The logic is very similar to that of PersistentObject, where a mapping is made
between class properties and database fields. For search a mapping is needed
between class properties and search index fields. Finding persistent objects is
done through the Database's component SQL abstraction to allow for multiple SQL
dialects. The Search component requires something as well to allow for
different search query dialects, similarly to what the Database component
provides. Therefore the use of the search component will mostly be modeled
after the design of the Database and PersistentObject components.
Classes
=======
ezcSearchSession
----------------
ezcSearchSession is the main runtime interface for indexing and searching
documents. Documents can be indexed calling index(), and searching for
documents is done through find(). Unlike with the PersistentObject component,
find() does not simply return an array of objects for each of the found
documents. Instead it returns an ezcSearchResult object containing information
about the search result. The find() method accepts as parameter an object of
class ezcSearchFindQuery (or one of it's children). This query object is created by
calling the createFindQuery() method on this class. Besides createFindQuery(),
a method to create a query for deleting indexed documents will be provided too.
The classes representing documents need to implement an interface though that
specifies getState() and setState() - something we forgot for
PersistentObject.
ezcSearchSessionInstance
------------------------
Holds search session instances for global access throughout an application.
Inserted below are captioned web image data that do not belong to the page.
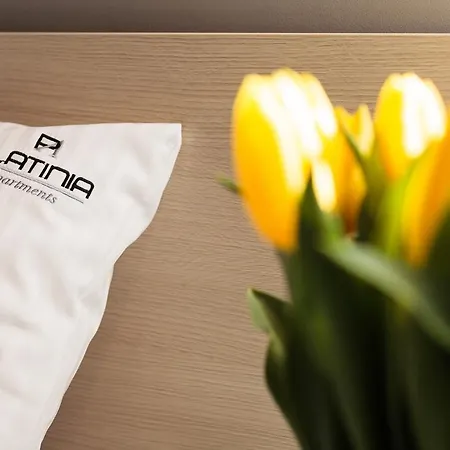 Platinia - Komfortowe Stare Krakov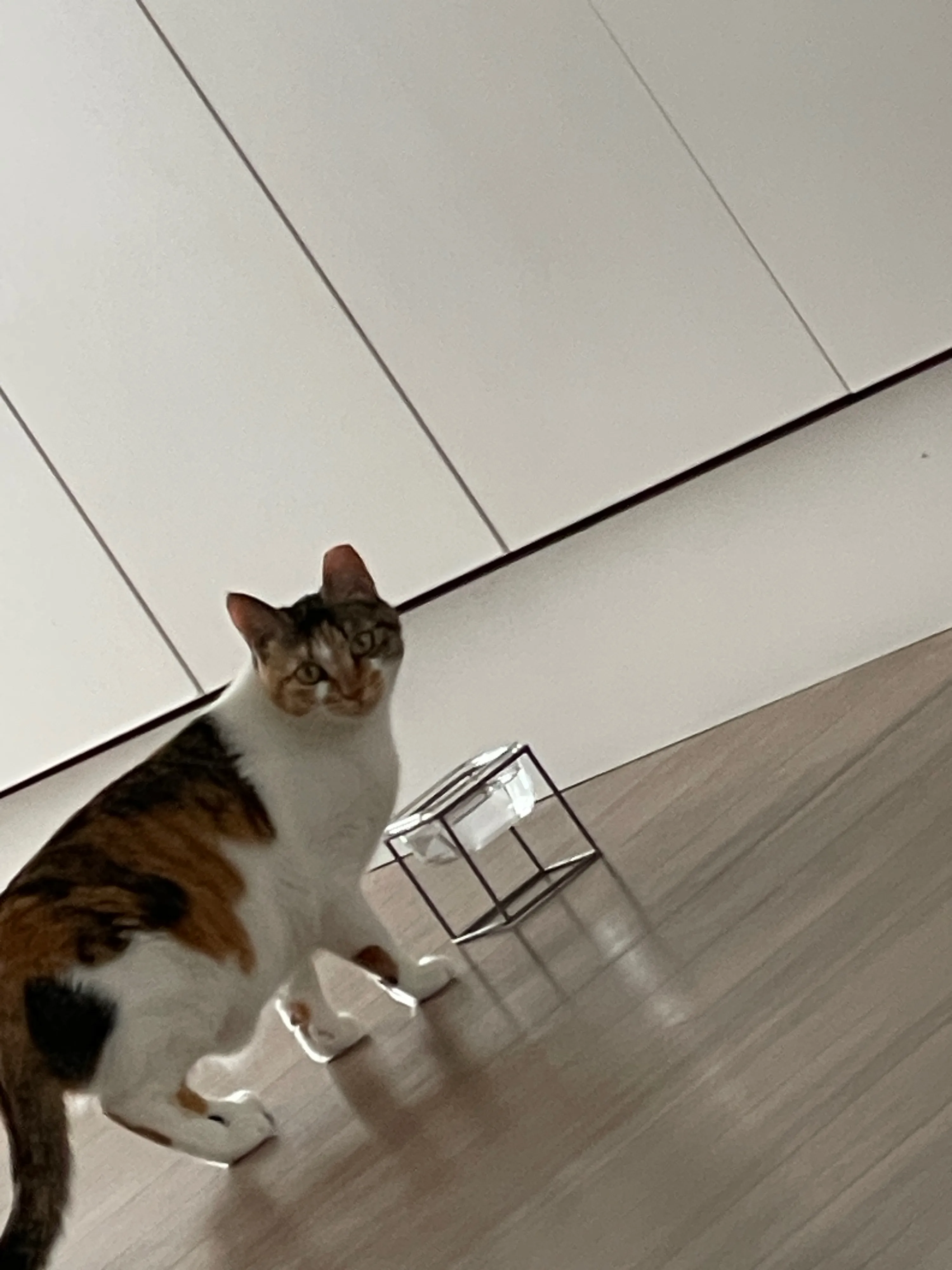 1번째 파일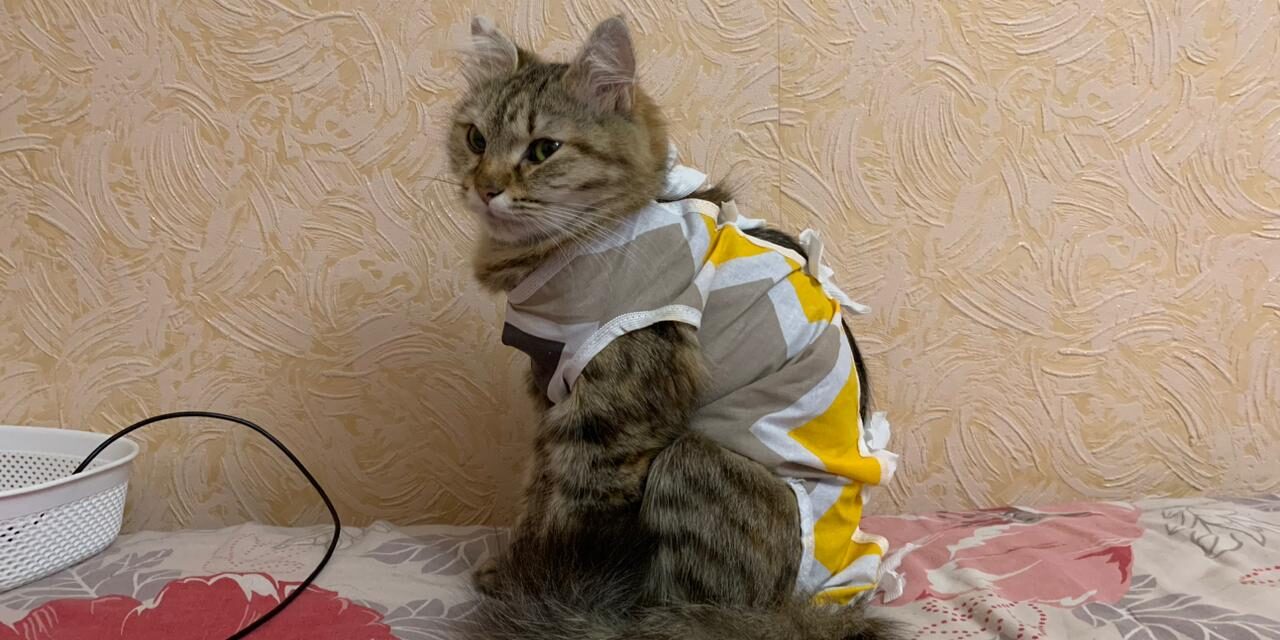EMERGENCY UKRAINE: OIPA GIVES HELP TO A FAMILY AND STERILIZE THEIR FEMALE CATS
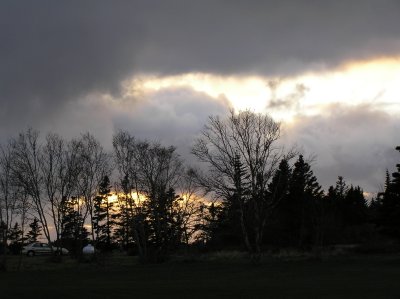 P1010115.JPG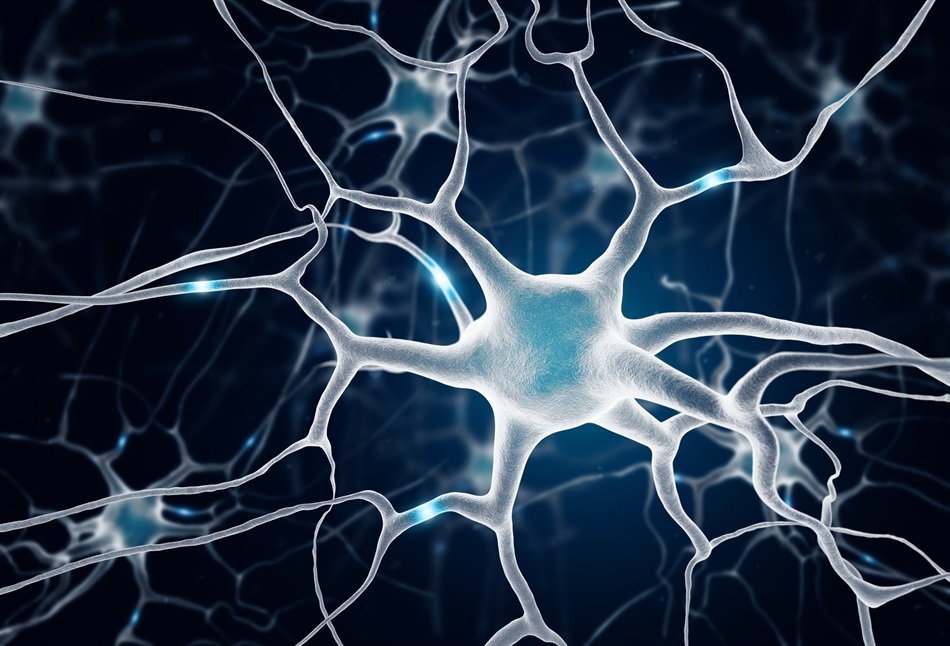 Researchers reveal why SuperAgers retain youthful brain cell signatures ...
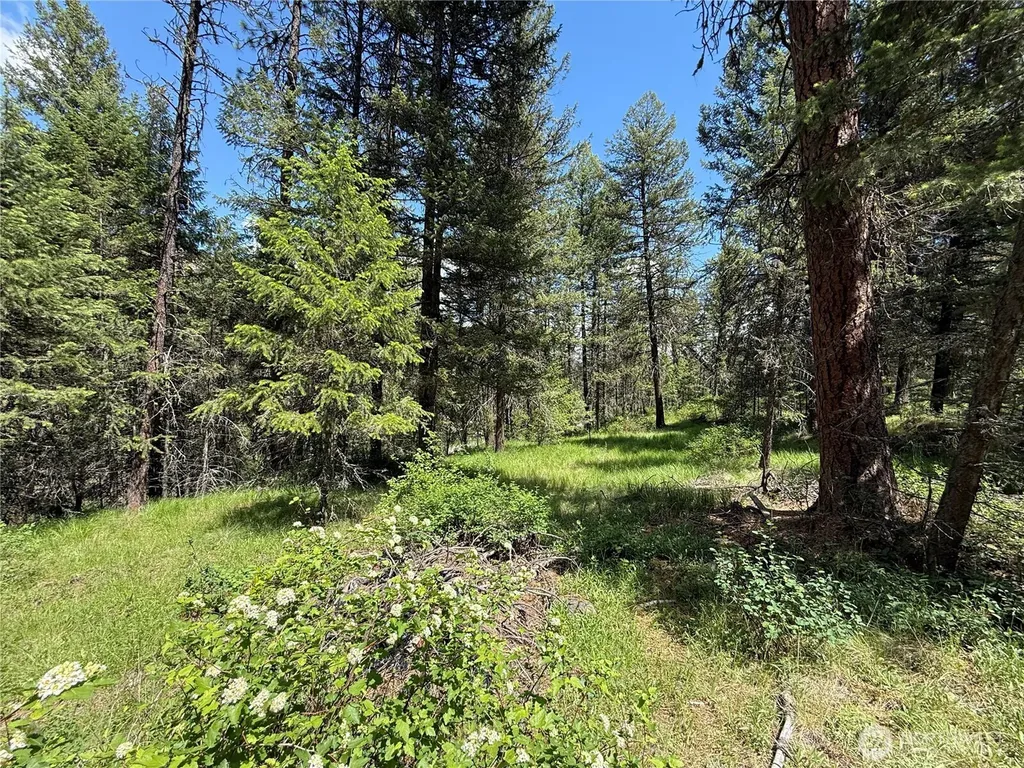 21 Pine Grove Street Republic WA 99166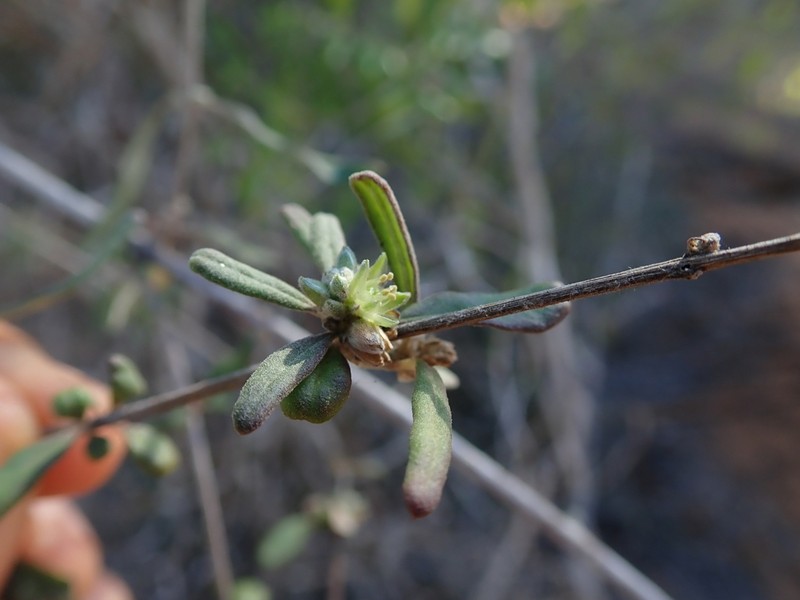 Psilotrichum madagascariense photo 7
ezcSearchDefinitionManager
--------------------------
Loads definition files that describe document types with all their fields. It
depends on the backend on how those definitions are mapped to search engine
specific fields/options.
ezcSearchDocumentDefinition
---------------------------
Describes all the fields of one document type. It is loaded by the
ezcSearchDefinitionManager and used by the backends to both index and find
documents from the search backends. For each document field it stores a
ezcSearchObjectProperty. It also defines a field with which a document
can be uniquely identified, as well as a default search field. In future
versions it could also group fields for easier searching of multiple fields
etc.
ezcSearchHandler
----------------
The base class that all search backends implement. The handlers now how to
communicate to the backends, generate correct search query strings, and how to
present results. Handlers can also accept search-backend specific options. For
the first version only ezcSearchSolrHandler is planned, while later versions
might also have backends for Google, Yahoo! etc. A backend does not have to
implement the index(), createDeleteQuery() and delete() methods, as they are
not available for every handler. Therefore the search handlers can optionally
implement the interface ezcSearchIndexHandler.
ezcSearchSolrHandler
--------------------
An implementation of ezcSearchHandler that communicates with Apache
Lucene/Solr. This will be the reference implementation.
ezcSearchQuery
--------------
Implements a fluent language to query the search index. The methods are all
quite the same as ezcDbQuery. This class is inherited by ezcSearchFindQuery and
ezcSearchDeleteQuery for searching in, or deleting from the search
index.
Data structures
===============
ezcSearchObjectProperty
Defines the name of the document field, its type and a hint for the field
name in the search index.
ezcSearchResult
Provides meta data about the search (time, number of results, etc.) as well
as an array of the found results. Depending on the database backend, the
array of found documents can be of different classes, as the document types
could be different.
Example Usage
=============
::
<?php
$backend = new ezcSearchSolrHandler( 'localhost', 6983 );
$session = new ezcSearchSession(
$backend,
new ezcSearchDefinitionManager( 'path/to/definitions' )
);
// indexing a document
$session->index( $document );
// finding documents where name = Derick
$q = $session->createFindQuery();
$q->find( $q->eq( 'name', "Derick" ) );
$ret = $session->find( $q );
// finding documents where any field contains Derick, from row 10 and 7
// rows long
$q = $session->createFindQuery();
$q->find( $q->eq( '*', "Derick" ) );
$ret = $session->find( $q )->limit( 7, 10 );
// finding documents where text contains Derick and Tiger, only
// having name as returned field, and order by published date.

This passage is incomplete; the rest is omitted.